Part of the tonal conflict likely comes from a commercial instinct to make the material comedic enough to appeal to a broad audience; part simply comes from squeamishness. Mark Millar’s original limited comics series Kick-Ass and Kick-Ass 2 embrace a Garth Ennis level of provocation and extremity for shock value. In the comic, the villain does rape his victim, and there’s nothing satirical or smart about it. The protagonists are visibly much younger; John Romita, Jr. draws them with such skinny limbs and big heads that they look like toddlers. And the comic is relentlessly bloody, with a high body count including children and animals. (In the comic, The Motherfucker decapitates an enemy’s dog; in the film, he gasps when someone suggests it, and says he isn’t that evil.) The same thing happened with Millar’s comics series Wanted, which was also adapted into a film, and also considerably softened, especially in its depiction of rape. The comic is simply about brutality; the film is about trying to make that brutality funny, and about making it safer for audiences in the process, but that often just makes it seem petty.

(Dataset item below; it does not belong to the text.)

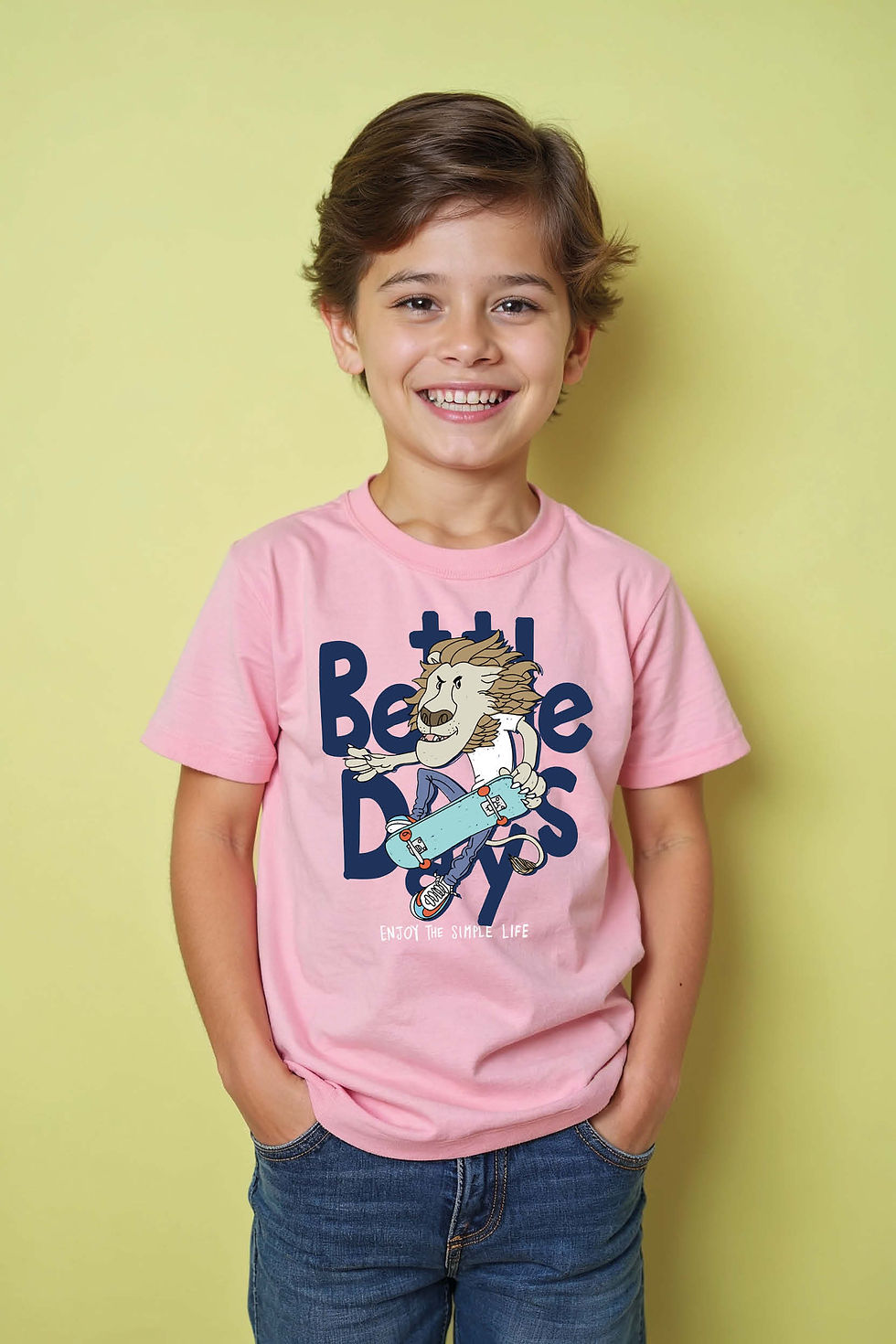 Thumbnail: Reay To Skate Cartoon Premium Typography Print T-Shirt for Kids – Quote Print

And in its defense, the results aren’t entirely like anything else out there. Kick-Ass 2 lacks the humorless grimness of Christopher Nolan’s work, or the playfulness of early superhero comedies like Mystery Men. It has more of an edge than most comedies. But much of that edge just consists of hoping a jaded audience will flinch—and be surprised and delighted that something can actually still make them flinch—when Hit-Girl threatens to stick her boot up Brooke’s snatch, or uses an experimental weapon to make her enemies simultaneously puke and release a flood of unconvincing CGI diarrhea. It’s immature “Gotcha!” humor to go with the immature violence fantasies, and it has about the impact of the angry, self-impressed character Ben Folds channels in “Rockin’ The Suburbs”: “You better look out, because I’m gonna say fuck!” Folds warns self-importantly in the song. Kick-Ass 2 says “fuck” over and over in many ways, but in spite of its evident pride in the achievement, it isn’t accomplishing much but revealing the narrowness of its own ambition.